Assume we have some data coming in through a Google PubSub topic and its traffic pattern is spiky in nature, with potentially long quiet time before a burst of data coming in at fast rate for minutes.
假设我们通过Google PubSub主题获得了一些数据,其流量模式本质上是尖锐的,可能需要很长的安静时间才能快速进入数分钟。
For processing that data, if we are going to use streaming mode Dataflow with subscription based PubSubIO as data source, will the dataflow always be in the running state with the minimum number of workers, or will it be restarted when the burst of data come in, but then stopped once we get into the quiet period?

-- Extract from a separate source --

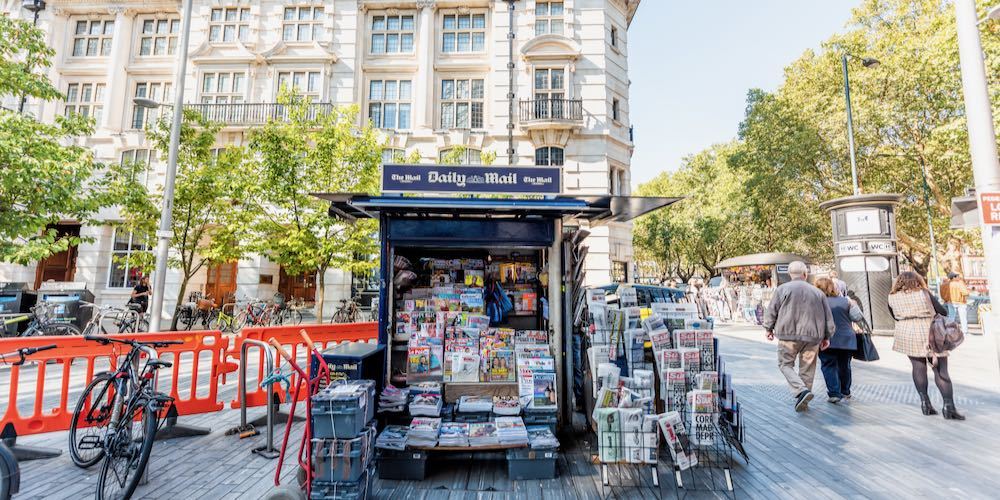 London, UK   September 13, 2018: Neighborhood district of Chelsea, street, old vintage historic traditional sidewalk square with dailymail daily mail newsstand newspaper magazine stand news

为了处理这些数据,如果我们要使用基于订阅的PubSubIO作为数据源的流模式Dataflow,数据流是否总是处于具有最小工作数的运行状态,或者当数据突发进入时它将重新启动,但是一旦我们进入安静时期就停止了?
1 个解决方案
#1
2
If you enable autoscaling, Dataflow will raise or lower the number of workers dynamically according to load, without restarting the pipeline. You can read more about it here and here.
如果启用自动扩展,Dataflow将根据负载动态地提高或降低工作器数,而无需重新启动管道。你可以在这里和这里阅读更多相关信息。
#1
2
If you enable autoscaling, Dataflow will raise or lower the number of workers dynamically according to load, without restarting the pipeline. You can read more about it here and here.
如果启用自动扩展,Dataflow将根据负载动态地提高或降低工作器数,而无需重新启动管道。你可以在这里和这里阅读更多相关信息。